Undang-Undang Desa memperjelas asas penyelenggaraan pemerintahan Desa yang menjadi prinsip/nilai dalam penyelenggaraan urusan pemerintahan Desa. Asas itu dijelaskan dalam pasal berbeda yang terdapat dalam Bab V tentang Penyelenggaraan Pemerintahan Desa. Banyaknya pasal yang mengatur tentang pemerintah Desa dapat dipahami karena pemerintah Desa menjadi representasi penyelenggara urusan pemerintahan (top-down) sekaligus menjembatani kepentingan masyarakat setempat (bottom up).
Pasal 1 angka 2 |
Pemerintahan Desa adalah penyelenggaraan urusan pemerintahan dan kepentingan masyarakat setempat dalam sistem pemerintahan Negara Kesatuan Republik Indonesia. |
Penjelasan |
Cukup jelas |
Pasal 1 angka 3 |
Pemerintah Desa adalah Kepala Desa atau yang disebut dengan nama lain dibantu Perangkat Desa sebagai unsur penyelenggara pemerintahan desa. |
Penjelasan |
Cukup jelas |
Penyelenggaraan pemerintahan Desa dalam konteks ini meliputi Desa dan Desa Adat. Pemerintah desa adalah Kepala Desa atau dengan sebutan lain dan perangkat desa. Pengaturan mengenai lingkup dan asas dirumuskan dalam Pasal 23-25 berikut:
Pasal 23 |
Pemerintahan desa diselenggarakan oleh pemerintah desa. |
Penjelasan |
Cukup jelas |
Pasal 24 |
Penyelenggaraan pemerintahan desa berdasarkan asas:
a. Kepastian hukum; b. Tertib penyelenggaraan pemerintahan; c. Tertib kepentingan umum; d. Keterbukaan; e. Proporsionalitas f. Profesionalitas g. Akuntabilitas h. Efektivitas dan efisiensi i. Kearifan lokal; j. Keberagaman; dan k. Partisipatif. |
Penjelasan |
a. Kepastian hukum; yaitu asas dalam negara hukum yang mengutamakan landasan peraturan perundang-undangan, kepatutan, dan keadilan dalam setiap kebijakan penyelenggaraan pemerintahan desa.

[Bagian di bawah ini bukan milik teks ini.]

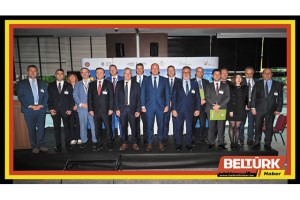 Türk ve Belçikalı savunma sanayisi temsilcileri arasında stratejik işbirliği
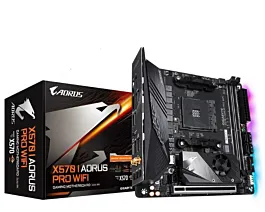Gigabyte Matična ploča X570 I AORUS PRO WIFI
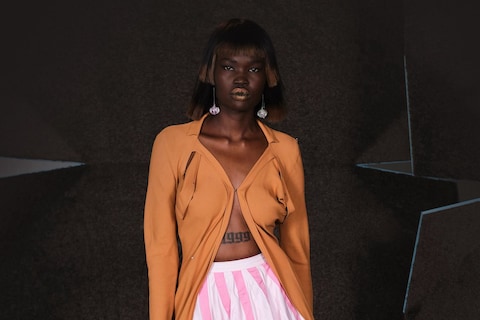 Kiko Kostadinov Autumn/Winter 2022 womenswear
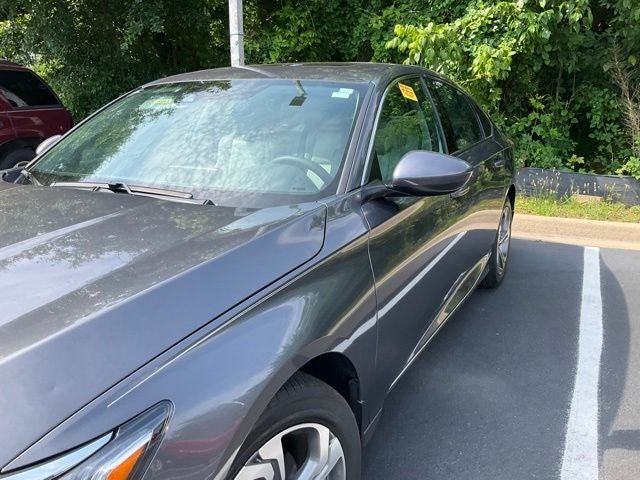 2019 Honda Accord EX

b. Tertib penyelenggaraan pemerintahan; yaitu asas yang menjadi landasan keteraturan, keserasian, dan keseimbangan dalam pengendalian penyelenggara pemerintahan desa. c. Tertib kepentingan umum; yaitu asas yang mendahulukan kesejahteraan umum dengan cara yang aspiratif, akomodatif, dan selektif. d. Keterbukaan; yaitu asas yang membuka diri terhadap hak masyarakat untuk memperoleh informasi yang benar, jujur, dan tidak diskriminatif tentang penyelenggaraan pemerintahan desa dengan tetap memperhatikan ketentuan peraturan peraturan perundang-undangan. e. Proporsionalitas; yaitu asas yang mengutamakan keseimbangan antara hak dan kewajiban penyelenggaraan pemerintahan desa. f. Profesionalitas; yaitu asas yang mengutamakan keahlian yang berlandaskan kode etik dan ketentuan peraturan perundang-undangan. g. Akuntabilitas, yaitu asas yang menentukan bahwa setiap kegiatan dan hasil akhir kegiatan penyelenggaraan pemerintahan desa harus dapat dipertanggungjawabkan kepada masyarakat desa sesuai peraturan perundang-undangan. h. Efektivitas dan efisiensi. Efektif berarti setiap kegiatan yang dilaksanakan harus berhasil mencapai tujuan yang diinginkan masyarakat desa. Efisien berarti setiap kegiatan yang dilaksanakan harus tepat sesuai dengan rencana dan tujuan. i. Kearifan lokal; mengandung arti bahwa dalam penetapan kebijakan harus memperhatikan kebutuhan dan kepentingan masyarakat desa. j. Keberagaman; berarti penyelenggaraan pemerintahan desa tidak boleh mendiskriminasi kelompok tertentu. k. Partisipatif; berarti penyelenggaraan pemerintahan desa mengikutsertakan kelembagaan desa dan unsur masyarakat desa. |
Pasal 25 |
Pemerintah desa sebagaimana dimaksud dalam Pasal 23 adalah Kepala Desa atau yang disebut dengan nama lain dan yang dibantu oleh perangkat desa atau yang disebut dengan nama lain. |
Penjelasan |
Penyebutan nama lain untuk Kepala Desa dan perangkat desa dapat menggunakan penyebutan di daerah masing-masing. |
Konstruksi pemerintahan Desa yang dianut dalam UU Desa adalah konstruksi gabungan. Penjelasan Umum Undang-Undang ini menyebutkan secara tegas: “Dengan konstruksi menggabungkan fungsi self-governing community dengan local self government, diharapkan kesatuan masyarakat hukum adat yang selama ini merupakan bagian dari wilayah Desa ditata sedemikian rupa menjadi desa dan desa adat”.
Pembahasan Di DPR
Argumentasi pengaturan tentang pemerintahan Desa dan asas-asasnya dirumuskan panjang lebar dalam Naskah Akademik RUU Desa. Disebutkan antara lain bahwa Desa sebagai miniatur negara Indonesia menjadi arena politik paling dekat bagi relasi antara masyarakat dengan pemegang kekuasaan (perangkat Desa). Pemerintahan Desa mempunyai organisasi dan birokrasi yang sederhana. Birokrat desa yang disebut dengan perangkat desa membantu Kepala Desa dalam menjalankan urusan pemerintahan, pembangunan dan kemasyarakatan.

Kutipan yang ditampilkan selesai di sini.